§ Your instructions: Copy the data verbatim and leave out every picture.
%%
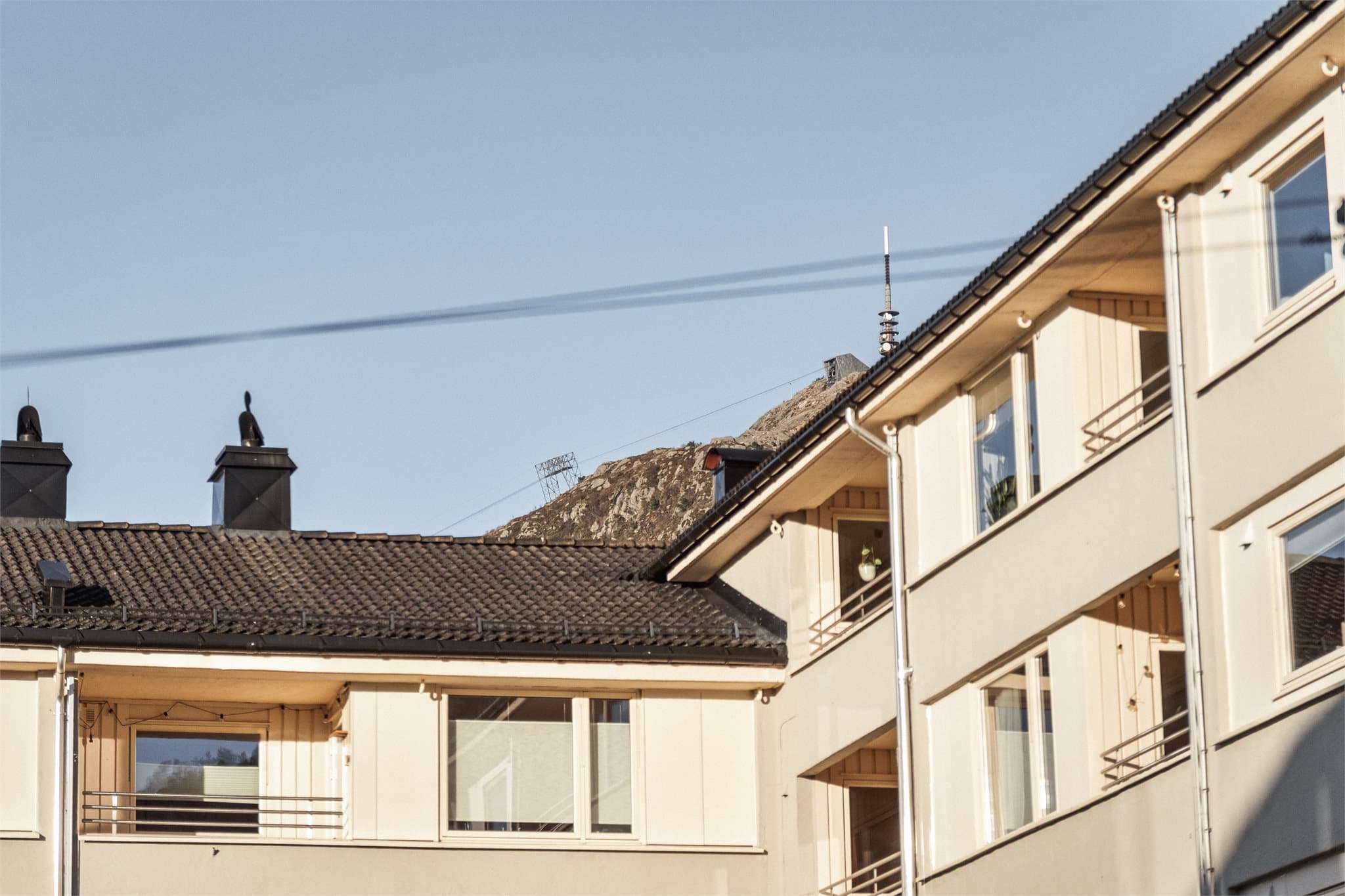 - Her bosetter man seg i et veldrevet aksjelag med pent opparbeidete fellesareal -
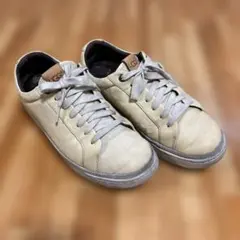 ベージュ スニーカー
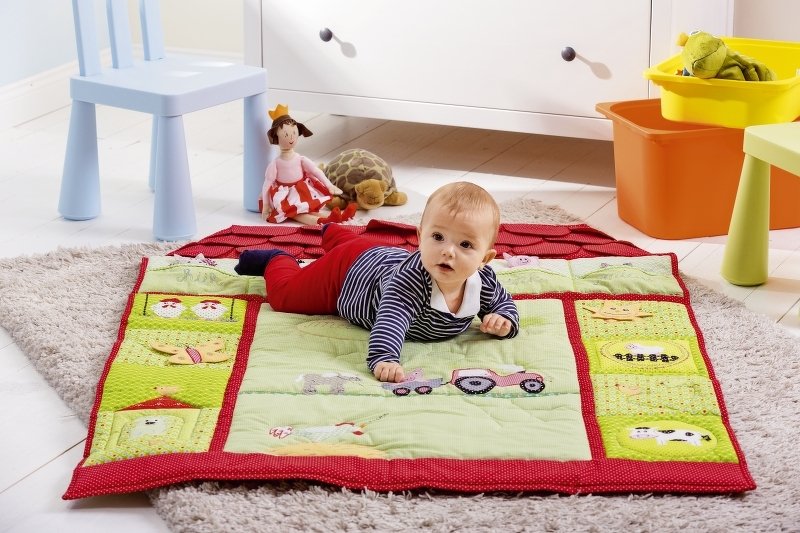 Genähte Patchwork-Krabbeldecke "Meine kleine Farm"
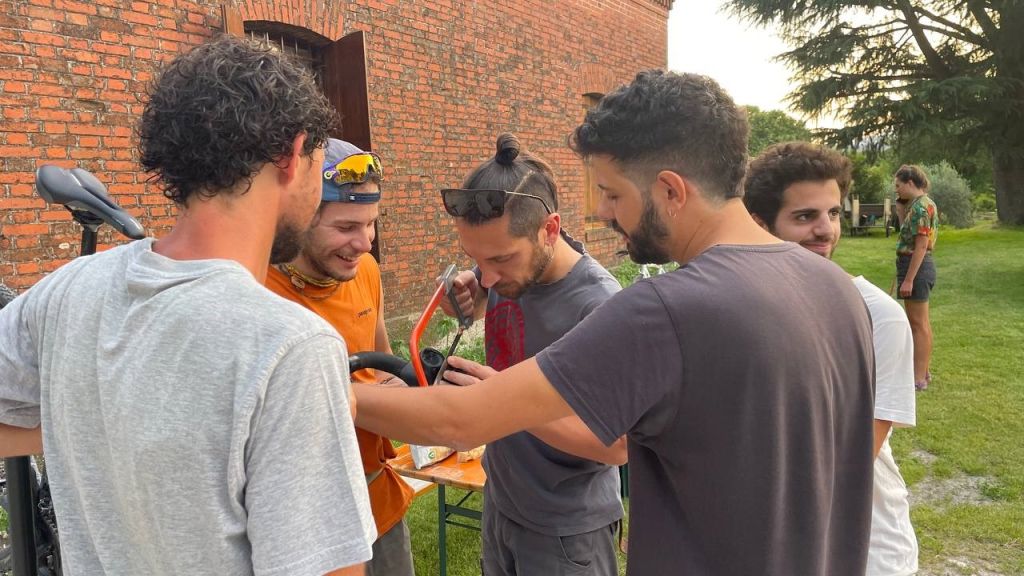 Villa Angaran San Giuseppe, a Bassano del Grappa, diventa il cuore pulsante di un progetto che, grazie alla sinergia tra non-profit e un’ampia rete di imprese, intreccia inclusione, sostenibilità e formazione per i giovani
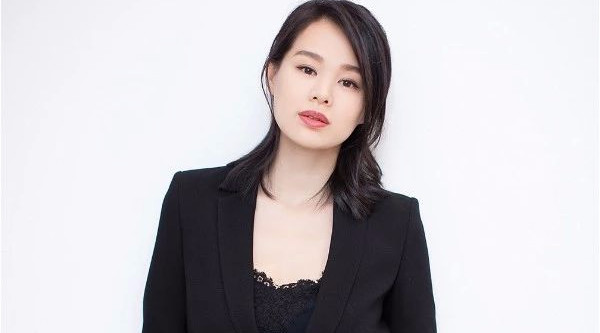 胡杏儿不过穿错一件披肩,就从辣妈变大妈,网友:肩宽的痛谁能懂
%%
§ Completed task:
 - Her bosetter man seg i et veldrevet aksjelag med pent opparbeidete fellesareal -
 ベージュ スニーカー
 Genähte Patchwork-Krabbeldecke "Meine kleine Farm"
 Villa Angaran San Giuseppe, a Bassano del Grappa, diventa il cuore pulsante di un progetto che, grazie alla sinergia tra non-profit e un’ampia rete di imprese, intreccia inclusione, sostenibilità e formazione per i giovani
 胡杏儿不过穿错一件披肩,就从辣妈变大妈,网友:肩宽的痛谁能懂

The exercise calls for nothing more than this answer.